▸ **Task to complete**
The answer should hold only the lines from the one that contains "浪人崛起不义之财如何完成" through the last line of the material, repeated exactly, without pictures.

*** Opening of Given records ***

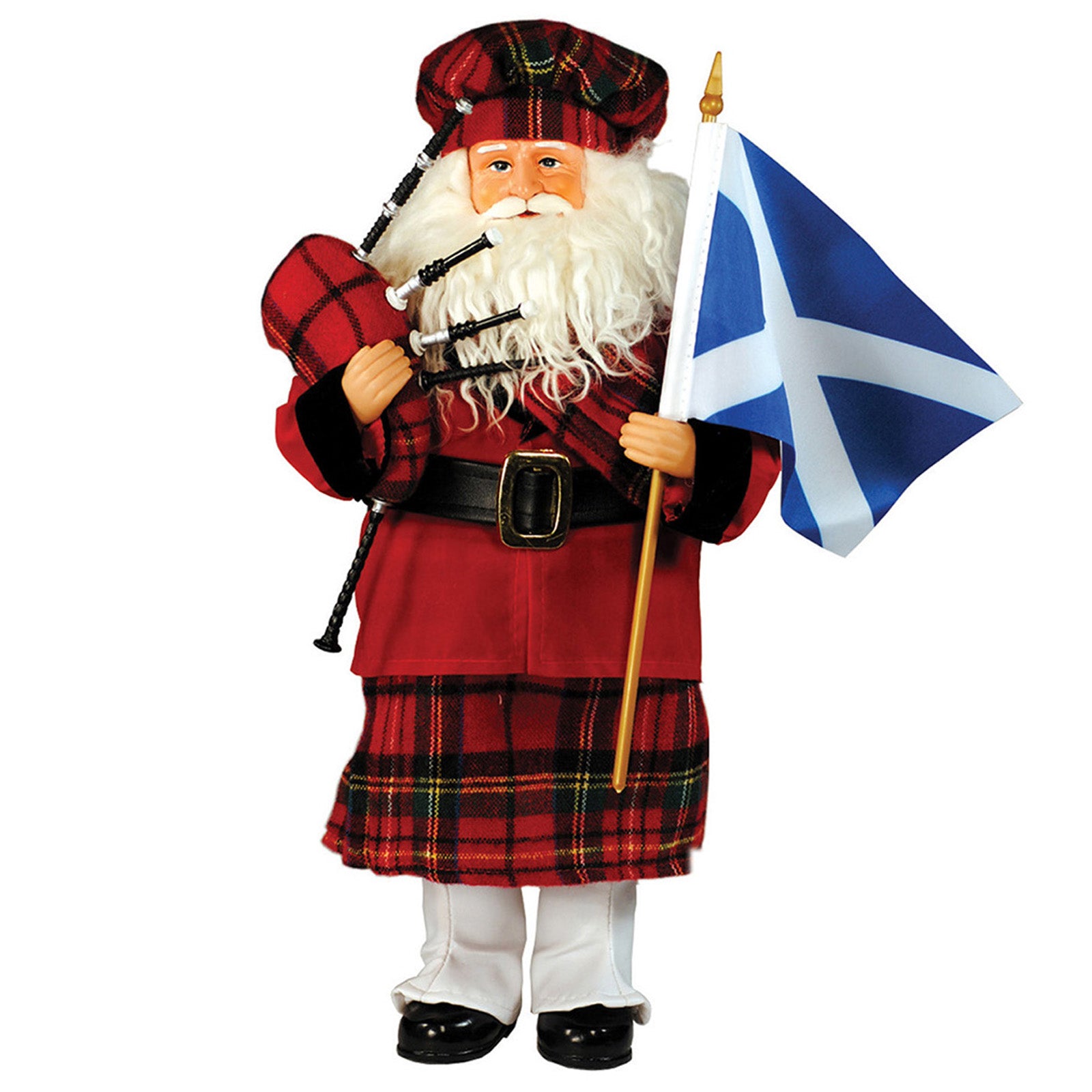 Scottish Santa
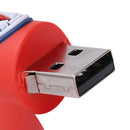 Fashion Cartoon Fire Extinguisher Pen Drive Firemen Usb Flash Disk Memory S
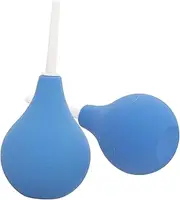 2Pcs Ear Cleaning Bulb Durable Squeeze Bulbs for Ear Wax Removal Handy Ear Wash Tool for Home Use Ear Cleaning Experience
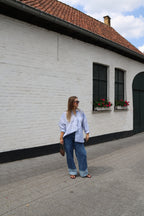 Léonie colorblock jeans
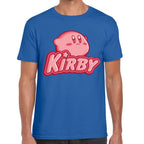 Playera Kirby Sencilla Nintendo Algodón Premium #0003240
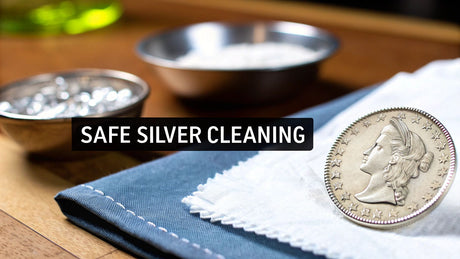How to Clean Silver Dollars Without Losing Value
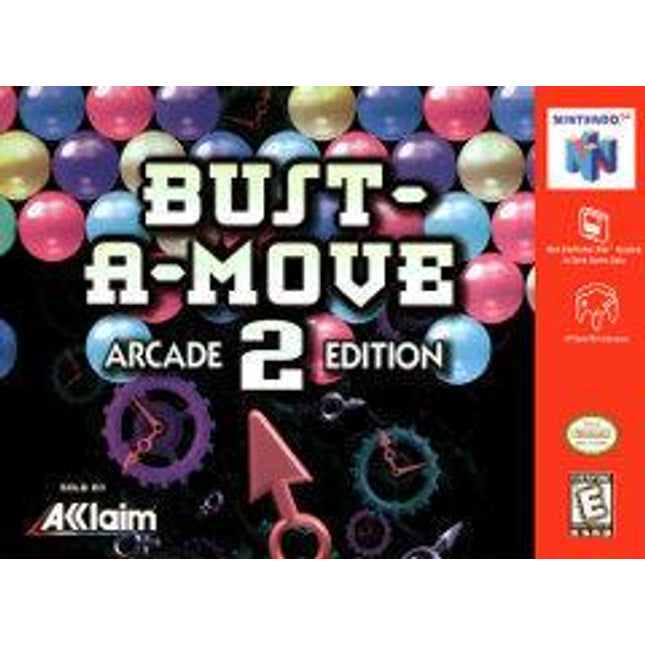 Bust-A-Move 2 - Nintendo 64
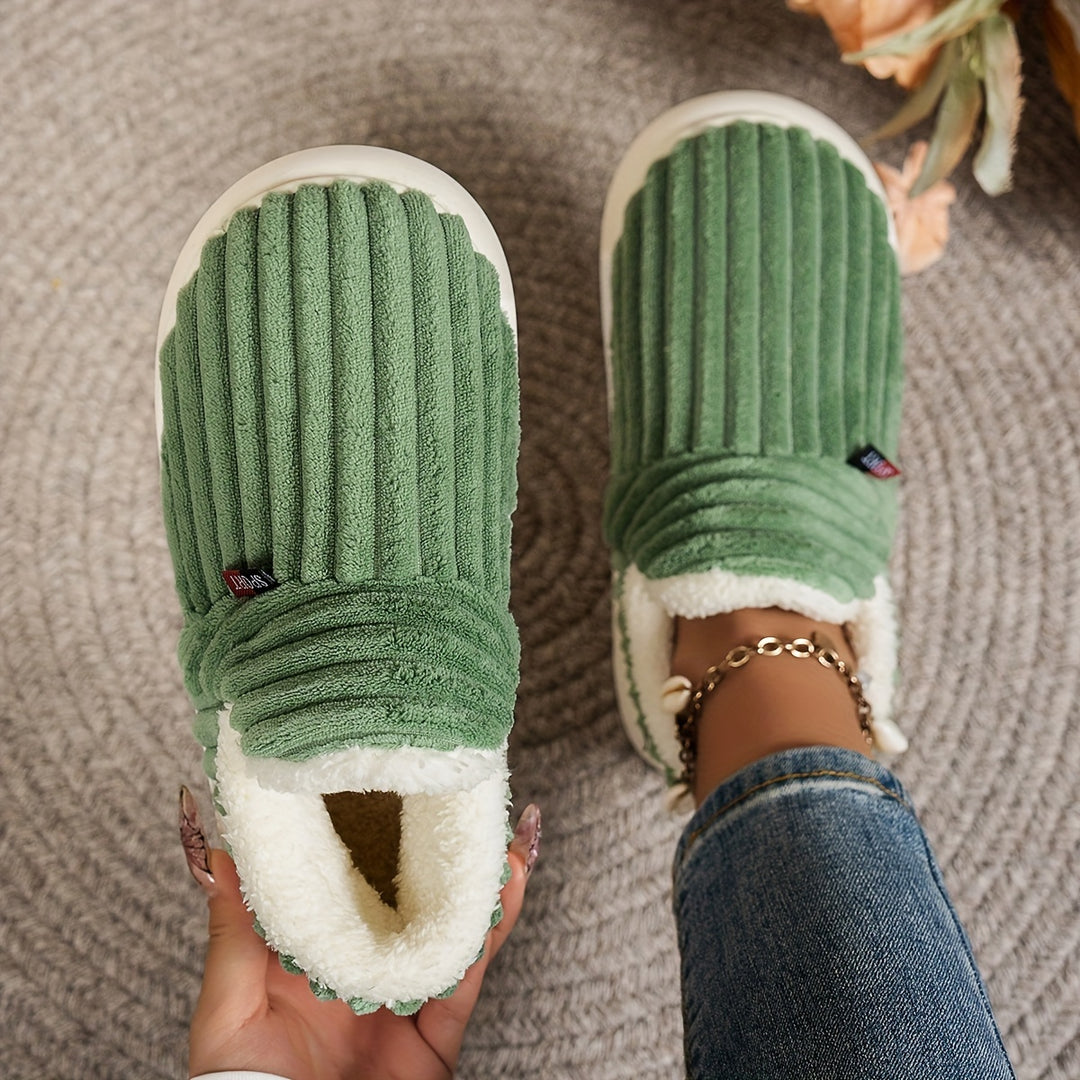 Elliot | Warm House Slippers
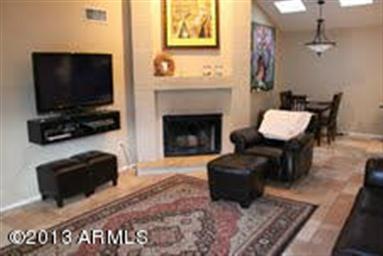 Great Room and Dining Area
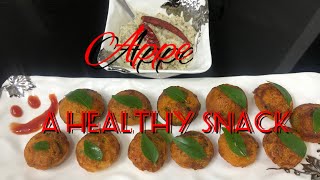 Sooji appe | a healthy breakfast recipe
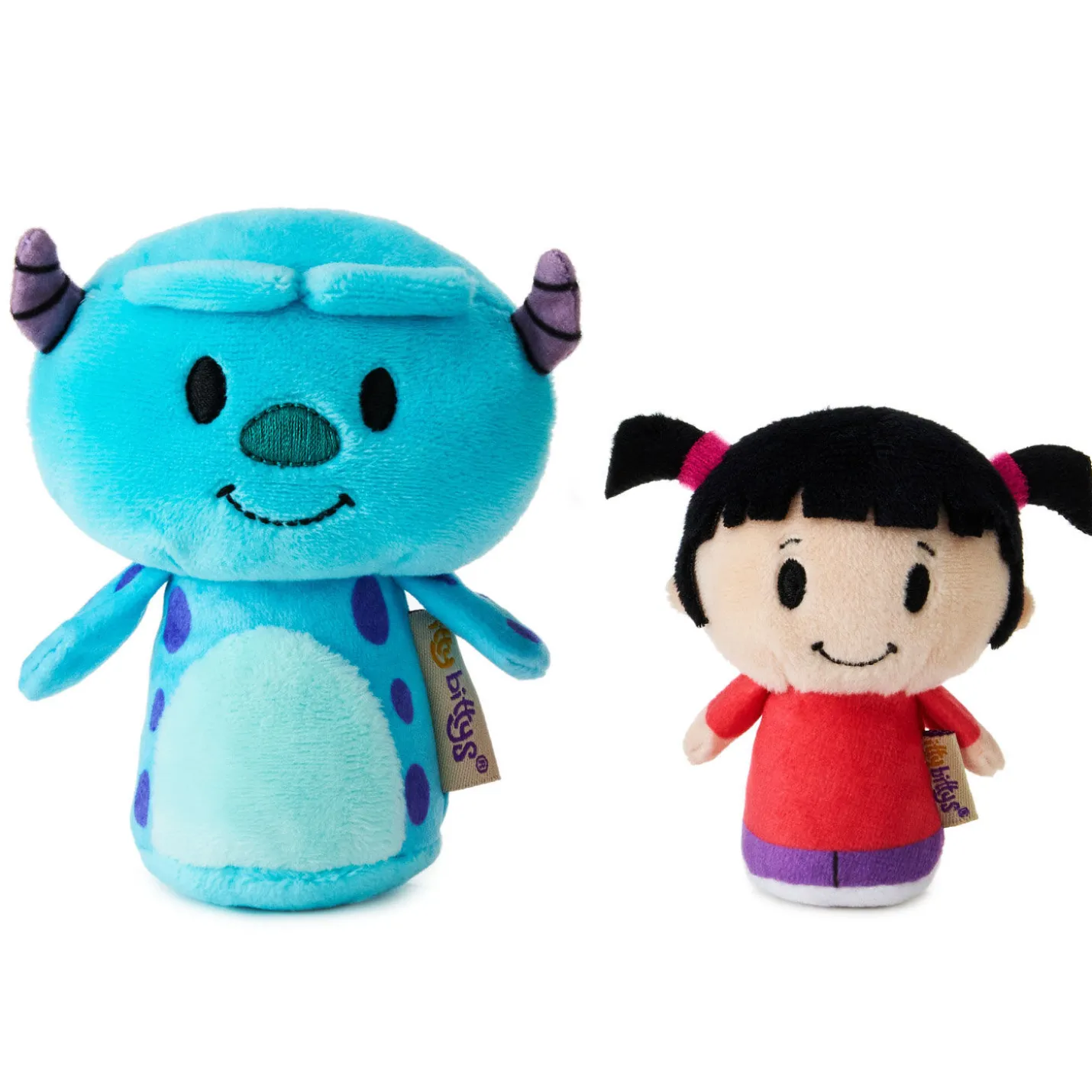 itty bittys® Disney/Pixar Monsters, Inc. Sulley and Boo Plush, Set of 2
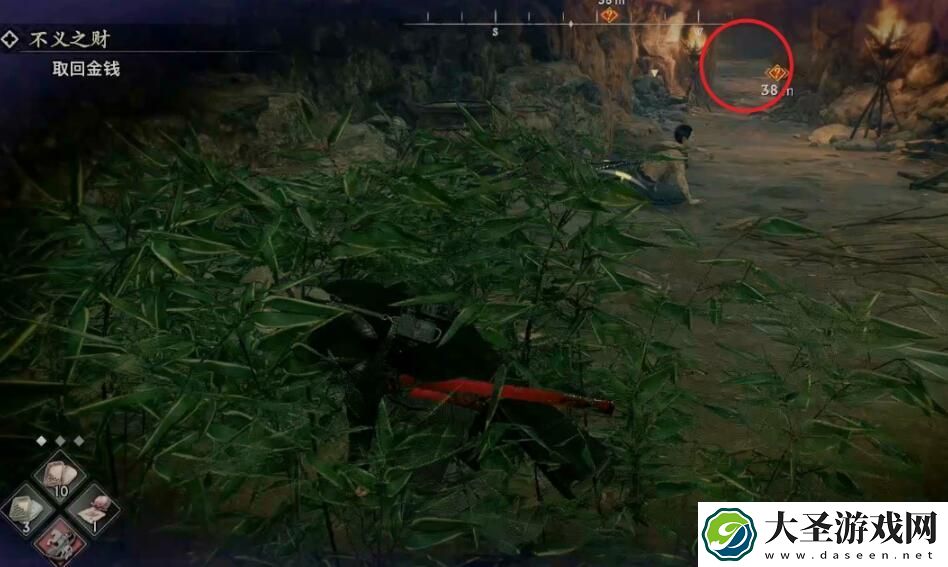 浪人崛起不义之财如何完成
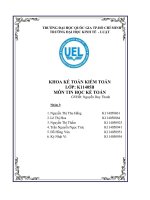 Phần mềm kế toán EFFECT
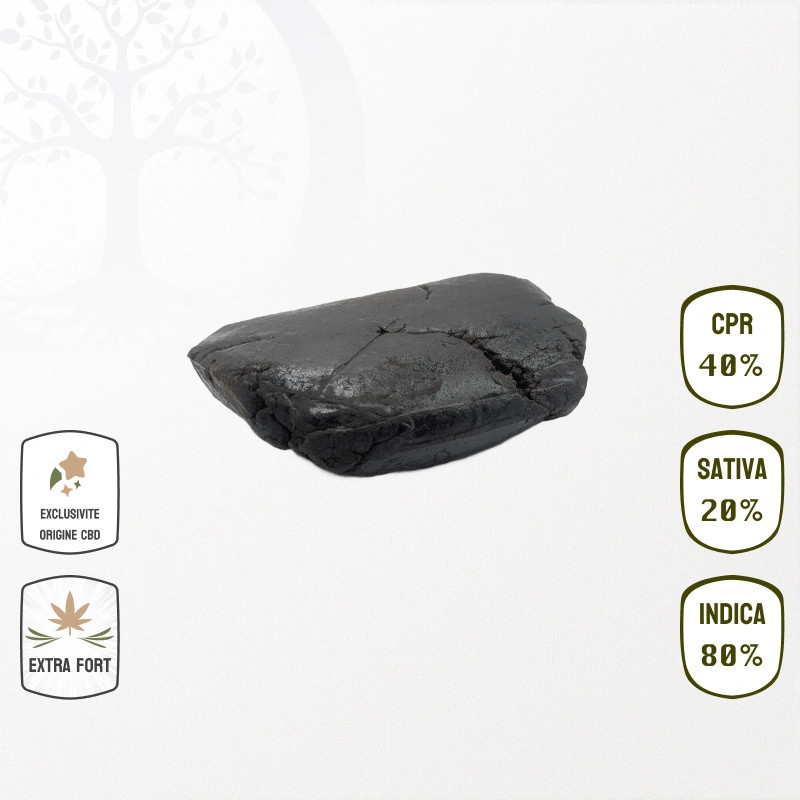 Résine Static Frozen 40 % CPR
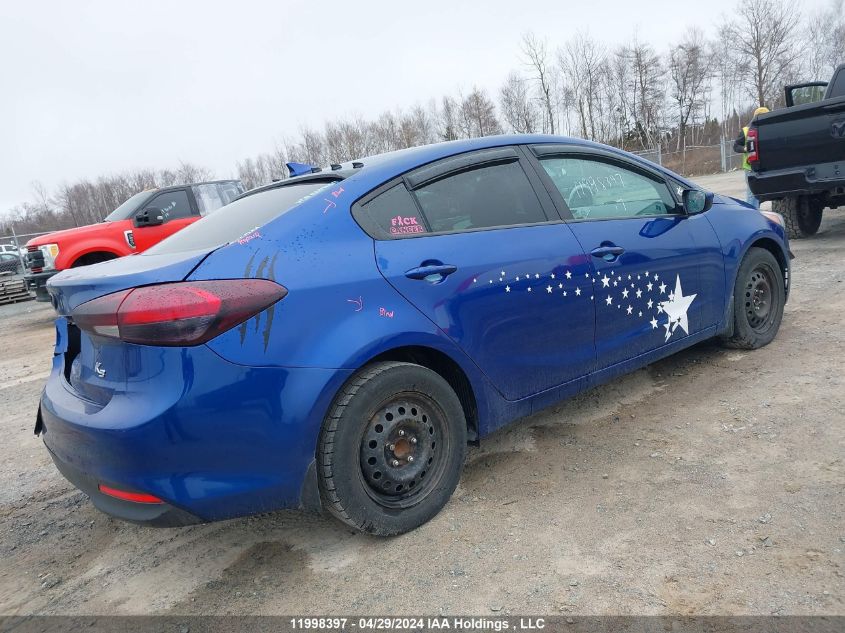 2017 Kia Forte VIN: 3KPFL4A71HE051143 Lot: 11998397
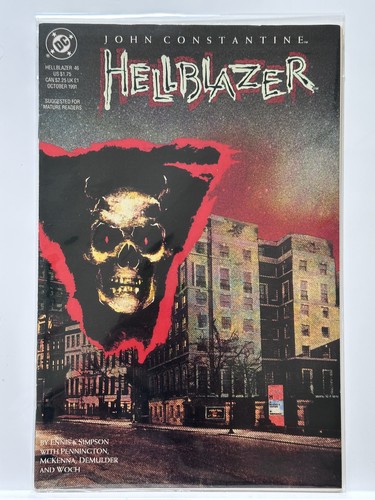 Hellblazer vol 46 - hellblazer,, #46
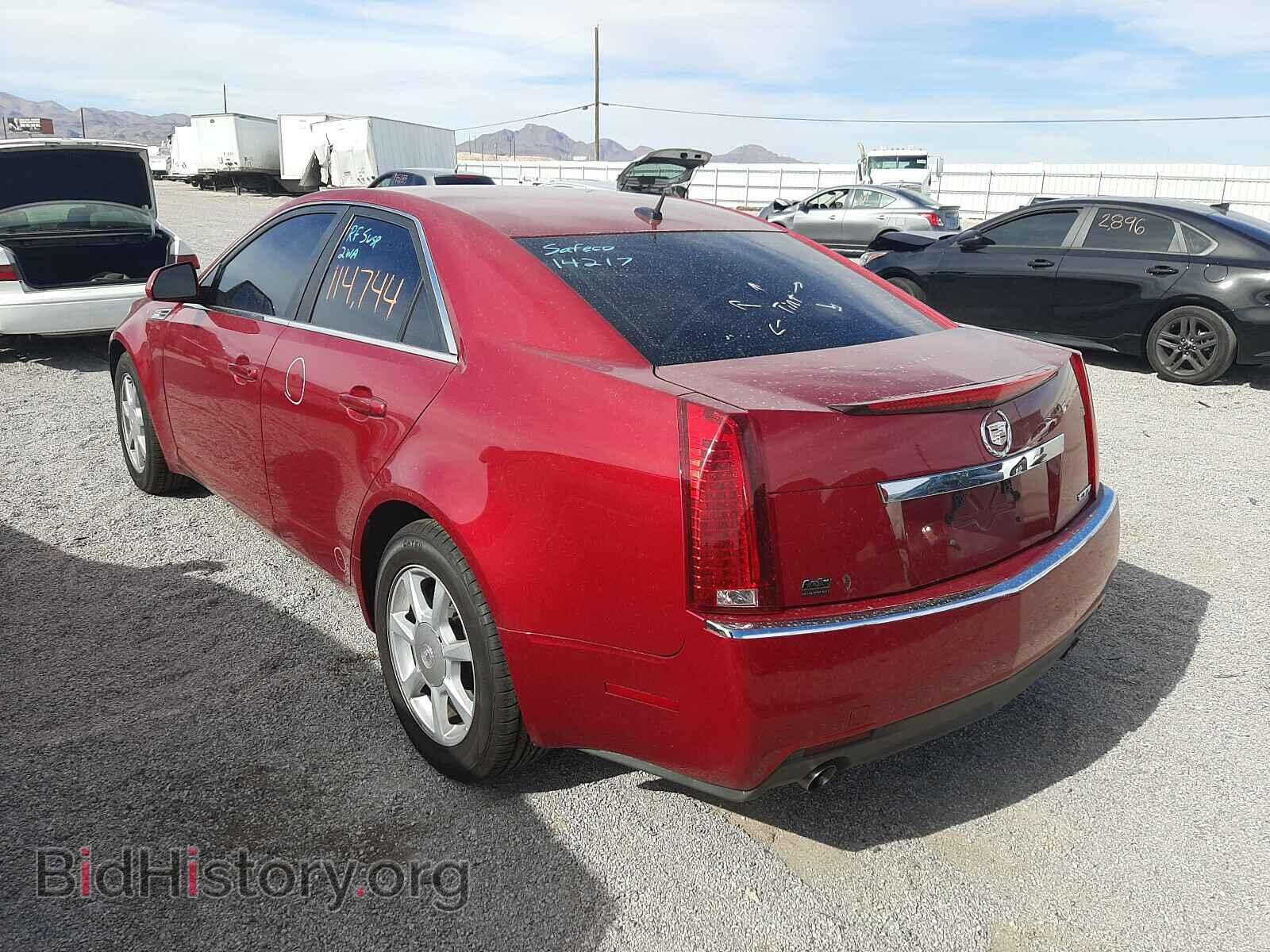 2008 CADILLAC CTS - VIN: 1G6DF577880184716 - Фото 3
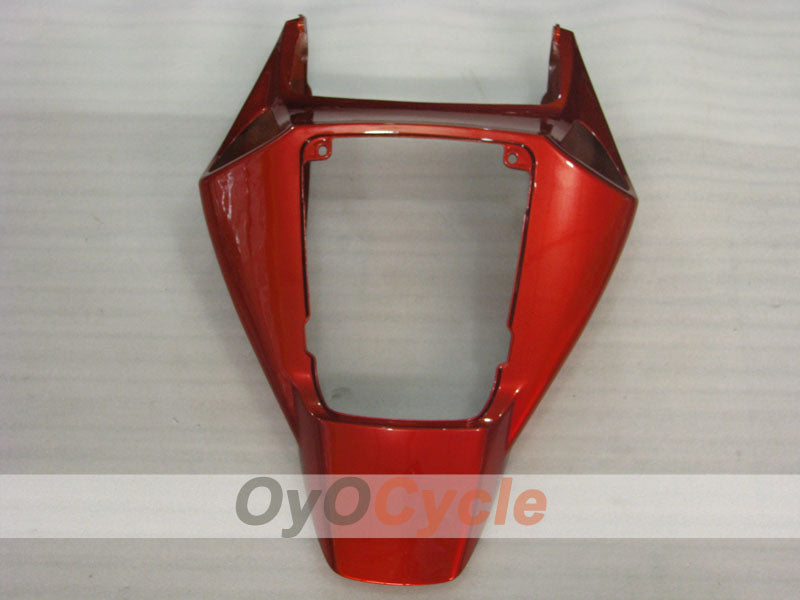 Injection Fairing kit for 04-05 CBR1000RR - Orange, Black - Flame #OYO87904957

*** Close of Given records ***

▸ **Response to this task**
 浪人崛起不义之财如何完成
 Phần mềm kế toán EFFECT
 Résine Static Frozen 40 % CPR
 2017 Kia Forte VIN: 3KPFL4A71HE051143 Lot: 11998397
 Hellblazer vol 46 - hellblazer,, #46
 2008 CADILLAC CTS - VIN: 1G6DF577880184716 - Фото 3
 Injection Fairing kit for 04-05 CBR1000RR - Orange, Black - Flame #OYO87904957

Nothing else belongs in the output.